• [Entries provided]:
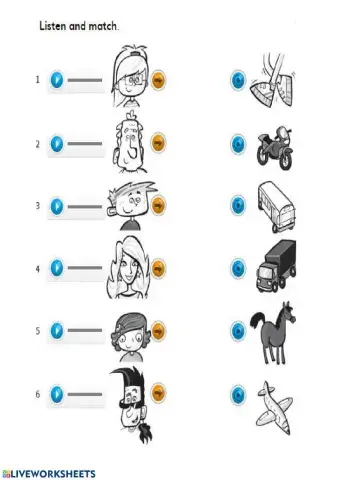 Means of transport 2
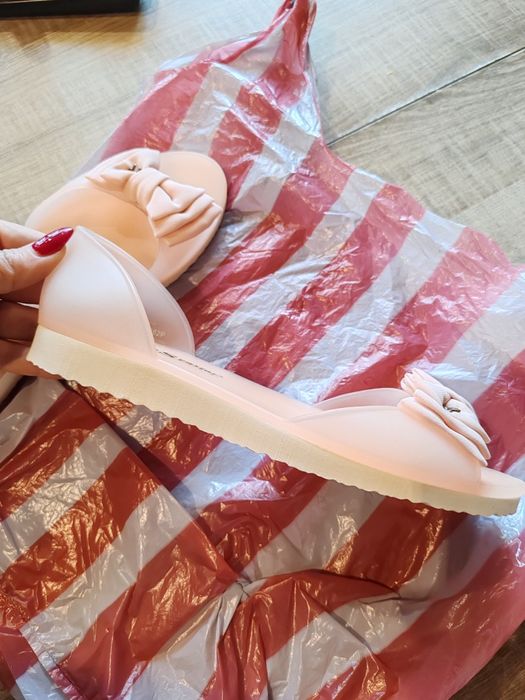 Силиконови сандали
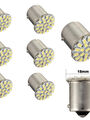 LED žárovka 12 V 22 SMD LED 1156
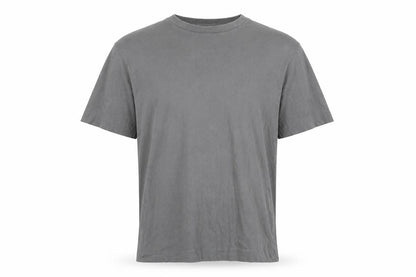 Mens UK Size XS COLLUSION Grey  T-Shirt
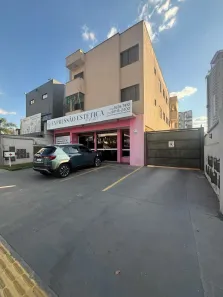 Apartamento com 1 Quarto para alugar, 42m² no Serrinha, Goiânia
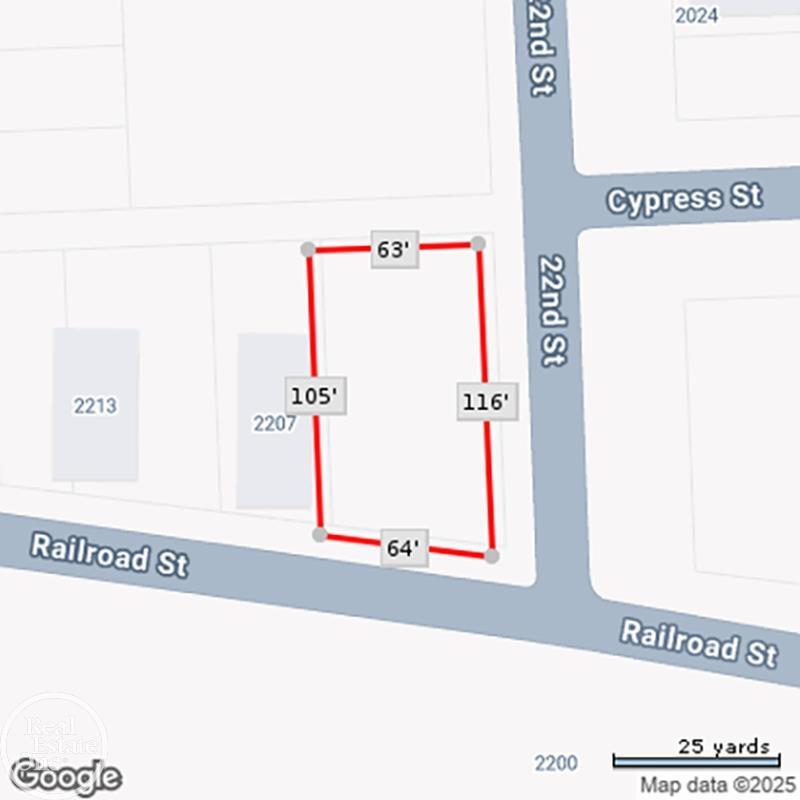 2200 Ville Railroad Street Port Huron City MI 48060
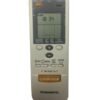 O General AC Remote Control AR-JW2 White/Grey/Yellow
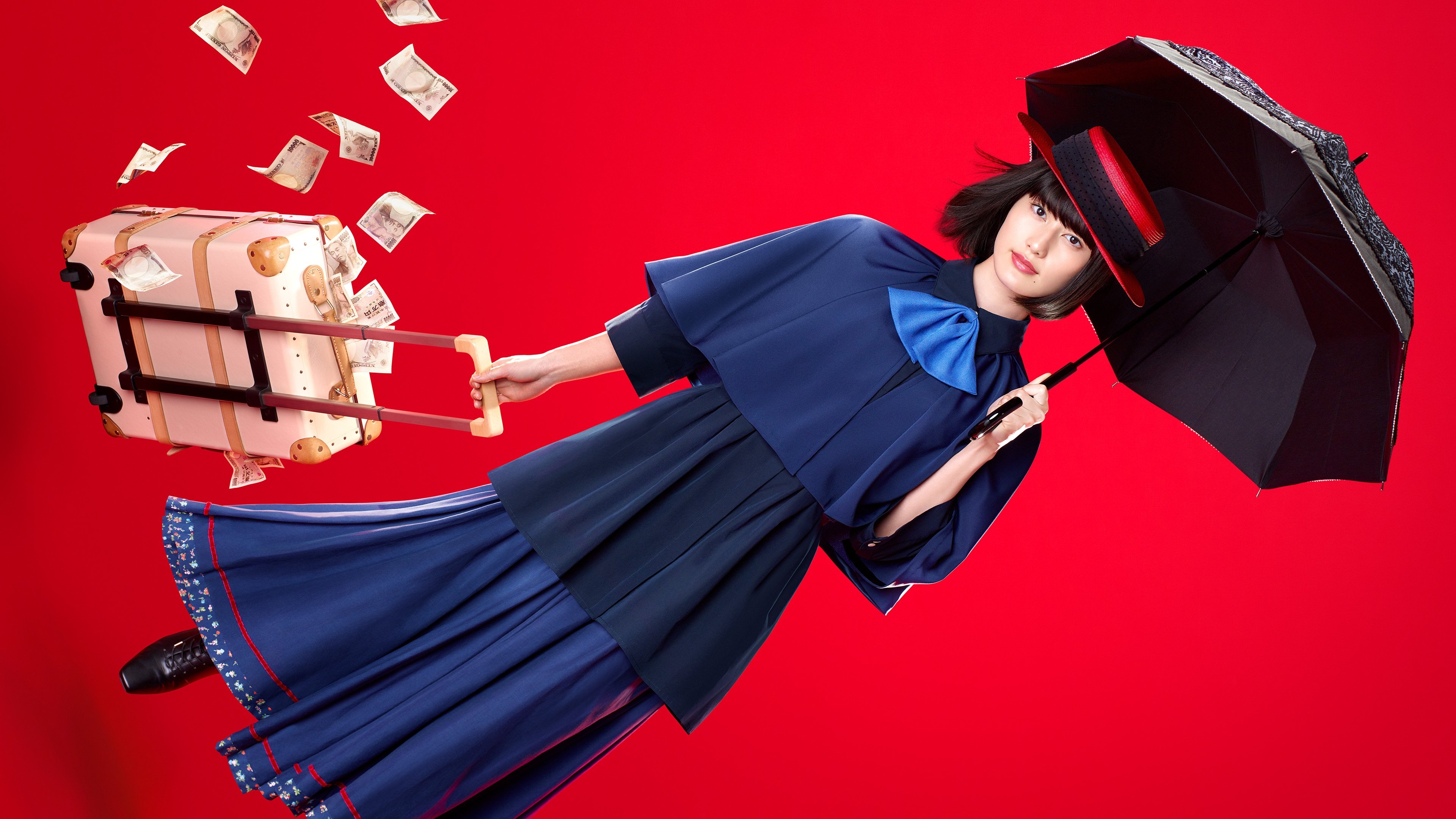 Private Tutor Torako Background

• [About this task]: From the line with "2200 Ville Railroad" through the final line of the records above, return each line exactly and nothing else. Pictures are to be skipped.

• [Exercise response]:
 2200 Ville Railroad Street Port Huron City MI 48060
 O General AC Remote Control AR-JW2 White/Grey/Yellow
 Private Tutor Torako Background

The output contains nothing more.